Without leaving out a single line, copy the records exactly.

■ Input data ■
[Start of section]

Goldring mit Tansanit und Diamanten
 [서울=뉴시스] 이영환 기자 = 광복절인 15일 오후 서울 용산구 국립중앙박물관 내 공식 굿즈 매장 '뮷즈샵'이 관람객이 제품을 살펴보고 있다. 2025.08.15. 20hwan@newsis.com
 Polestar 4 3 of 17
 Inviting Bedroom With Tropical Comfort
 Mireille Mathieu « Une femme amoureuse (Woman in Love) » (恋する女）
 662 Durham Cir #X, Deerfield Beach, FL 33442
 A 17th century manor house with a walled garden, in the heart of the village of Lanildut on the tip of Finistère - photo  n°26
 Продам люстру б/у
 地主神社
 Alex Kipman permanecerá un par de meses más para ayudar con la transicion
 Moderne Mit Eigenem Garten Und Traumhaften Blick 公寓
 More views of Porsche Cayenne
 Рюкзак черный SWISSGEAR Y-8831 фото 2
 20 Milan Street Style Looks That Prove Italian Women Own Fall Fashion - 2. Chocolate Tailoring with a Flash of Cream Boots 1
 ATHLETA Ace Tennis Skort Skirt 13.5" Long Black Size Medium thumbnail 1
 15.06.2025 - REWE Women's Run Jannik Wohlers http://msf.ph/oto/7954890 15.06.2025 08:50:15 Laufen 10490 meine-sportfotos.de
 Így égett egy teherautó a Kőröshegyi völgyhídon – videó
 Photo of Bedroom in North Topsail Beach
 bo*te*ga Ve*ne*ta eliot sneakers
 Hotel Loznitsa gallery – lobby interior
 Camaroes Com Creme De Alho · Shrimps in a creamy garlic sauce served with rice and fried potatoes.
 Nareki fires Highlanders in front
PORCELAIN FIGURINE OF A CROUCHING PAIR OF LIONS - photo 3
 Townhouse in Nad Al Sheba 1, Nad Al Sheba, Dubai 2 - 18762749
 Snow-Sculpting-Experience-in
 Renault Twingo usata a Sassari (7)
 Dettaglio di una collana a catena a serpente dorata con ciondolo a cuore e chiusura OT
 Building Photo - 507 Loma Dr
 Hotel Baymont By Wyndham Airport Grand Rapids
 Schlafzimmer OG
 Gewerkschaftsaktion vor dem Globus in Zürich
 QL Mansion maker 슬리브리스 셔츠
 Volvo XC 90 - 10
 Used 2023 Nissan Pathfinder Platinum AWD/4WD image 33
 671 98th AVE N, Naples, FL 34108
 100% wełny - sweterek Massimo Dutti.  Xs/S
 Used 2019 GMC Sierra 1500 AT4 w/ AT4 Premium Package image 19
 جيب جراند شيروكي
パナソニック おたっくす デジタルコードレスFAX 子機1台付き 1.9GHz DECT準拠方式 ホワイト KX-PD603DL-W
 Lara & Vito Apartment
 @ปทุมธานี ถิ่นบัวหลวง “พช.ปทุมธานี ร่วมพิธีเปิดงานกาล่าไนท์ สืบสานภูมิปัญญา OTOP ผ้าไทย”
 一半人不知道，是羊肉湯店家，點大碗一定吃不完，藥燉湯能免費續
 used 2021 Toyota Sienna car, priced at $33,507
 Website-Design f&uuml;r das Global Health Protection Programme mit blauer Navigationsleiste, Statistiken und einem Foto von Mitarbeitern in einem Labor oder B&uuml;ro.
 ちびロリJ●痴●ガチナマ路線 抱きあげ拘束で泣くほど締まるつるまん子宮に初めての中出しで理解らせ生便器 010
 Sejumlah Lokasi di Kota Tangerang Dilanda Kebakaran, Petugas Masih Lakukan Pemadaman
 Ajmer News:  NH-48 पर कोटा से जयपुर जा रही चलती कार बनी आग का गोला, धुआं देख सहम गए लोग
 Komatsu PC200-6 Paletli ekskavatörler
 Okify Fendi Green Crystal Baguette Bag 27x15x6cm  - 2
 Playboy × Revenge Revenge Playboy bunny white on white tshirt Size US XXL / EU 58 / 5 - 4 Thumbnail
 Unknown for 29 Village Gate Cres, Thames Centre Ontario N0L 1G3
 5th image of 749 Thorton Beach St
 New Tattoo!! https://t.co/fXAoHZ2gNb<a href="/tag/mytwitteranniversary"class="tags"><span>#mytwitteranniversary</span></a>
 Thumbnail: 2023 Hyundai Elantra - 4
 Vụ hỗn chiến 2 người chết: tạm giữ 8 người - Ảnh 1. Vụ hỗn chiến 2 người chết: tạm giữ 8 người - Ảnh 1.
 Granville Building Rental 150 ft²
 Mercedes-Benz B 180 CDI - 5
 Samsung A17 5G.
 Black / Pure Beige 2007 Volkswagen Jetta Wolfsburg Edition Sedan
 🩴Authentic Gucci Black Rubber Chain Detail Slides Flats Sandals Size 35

[End of section]

■ Solution for this exercise ■
Goldring mit Tansanit und Diamanten
 [서울=뉴시스] 이영환 기자 = 광복절인 15일 오후 서울 용산구 국립중앙박물관 내 공식 굿즈 매장 '뮷즈샵'이 관람객이 제품을 살펴보고 있다. 2025.08.15. 20hwan@newsis.com
 Polestar 4 3 of 17
 Inviting Bedroom With Tropical Comfort
 Mireille Mathieu « Une femme amoureuse (Woman in Love) » (恋する女）
 662 Durham Cir #X, Deerfield Beach, FL 33442
 A 17th century manor house with a walled garden, in the heart of the village of Lanildut on the tip of Finistère - photo  n°26
 Продам люстру б/у
 地主神社
 Alex Kipman permanecerá un par de meses más para ayudar con la transicion
 Moderne Mit Eigenem Garten Und Traumhaften Blick 公寓
 More views of Porsche Cayenne
 Рюкзак черный SWISSGEAR Y-8831 фото 2
 20 Milan Street Style Looks That Prove Italian Women Own Fall Fashion - 2. Chocolate Tailoring with a Flash of Cream Boots 1
 ATHLETA Ace Tennis Skort Skirt 13.5" Long Black Size Medium thumbnail 1
 15.06.2025 - REWE Women's Run Jannik Wohlers http://msf.ph/oto/7954890 15.06.2025 08:50:15 Laufen 10490 meine-sportfotos.de
 Így égett egy teherautó a Kőröshegyi völgyhídon – videó
 Photo of Bedroom in North Topsail Beach
 bo*te*ga Ve*ne*ta eliot sneakers
 Hotel Loznitsa gallery – lobby interior
 Camaroes Com Creme De Alho · Shrimps in a creamy garlic sauce served with rice and fried potatoes.
 Nareki fires Highlanders in front
PORCELAIN FIGURINE OF A CROUCHING PAIR OF LIONS - photo 3
 Townhouse in Nad Al Sheba 1, Nad Al Sheba, Dubai 2 - 18762749
 Snow-Sculpting-Experience-in
 Renault Twingo usata a Sassari (7)
 Dettaglio di una collana a catena a serpente dorata con ciondolo a cuore e chiusura OT
 Building Photo - 507 Loma Dr
 Hotel Baymont By Wyndham Airport Grand Rapids
 Schlafzimmer OG
 Gewerkschaftsaktion vor dem Globus in Zürich
 QL Mansion maker 슬리브리스 셔츠
 Volvo XC 90 - 10
 Used 2023 Nissan Pathfinder Platinum AWD/4WD image 33
 671 98th AVE N, Naples, FL 34108
 100% wełny - sweterek Massimo Dutti.  Xs/S
 Used 2019 GMC Sierra 1500 AT4 w/ AT4 Premium Package image 19
 جيب جراند شيروكي
パナソニック おたっくす デジタルコードレスFAX 子機1台付き 1.9GHz DECT準拠方式 ホワイト KX-PD603DL-W
 Lara & Vito Apartment
 @ปทุมธานี ถิ่นบัวหลวง “พช.ปทุมธานี ร่วมพิธีเปิดงานกาล่าไนท์ สืบสานภูมิปัญญา OTOP ผ้าไทย”
 一半人不知道，是羊肉湯店家，點大碗一定吃不完，藥燉湯能免費續
 used 2021 Toyota Sienna car, priced at $33,507
 Website-Design f&uuml;r das Global Health Protection Programme mit blauer Navigationsleiste, Statistiken und einem Foto von Mitarbeitern in einem Labor oder B&uuml;ro.
 ちびロリJ●痴●ガチナマ路線 抱きあげ拘束で泣くほど締まるつるまん子宮に初めての中出しで理解らせ生便器 010
 Sejumlah Lokasi di Kota Tangerang Dilanda Kebakaran, Petugas Masih Lakukan Pemadaman
 Ajmer News:  NH-48 पर कोटा से जयपुर जा रही चलती कार बनी आग का गोला, धुआं देख सहम गए लोग
 Komatsu PC200-6 Paletli ekskavatörler
 Okify Fendi Green Crystal Baguette Bag 27x15x6cm  - 2
 Playboy × Revenge Revenge Playboy bunny white on white tshirt Size US XXL / EU 58 / 5 - 4 Thumbnail
 Unknown for 29 Village Gate Cres, Thames Centre Ontario N0L 1G3
 5th image of 749 Thorton Beach St
 New Tattoo!! https://t.co/fXAoHZ2gNb<a href="/tag/mytwitteranniversary"class="tags"><span>#mytwitteranniversary</span></a>
 Thumbnail: 2023 Hyundai Elantra - 4
 Vụ hỗn chiến 2 người chết: tạm giữ 8 người - Ảnh 1. Vụ hỗn chiến 2 người chết: tạm giữ 8 người - Ảnh 1.
 Granville Building Rental 150 ft²
 Mercedes-Benz B 180 CDI - 5
 Samsung A17 5G.
 Black / Pure Beige 2007 Volkswagen Jetta Wolfsburg Edition Sedan
 🩴Authentic Gucci Black Rubber Chain Detail Slides Flats Sandals Size 35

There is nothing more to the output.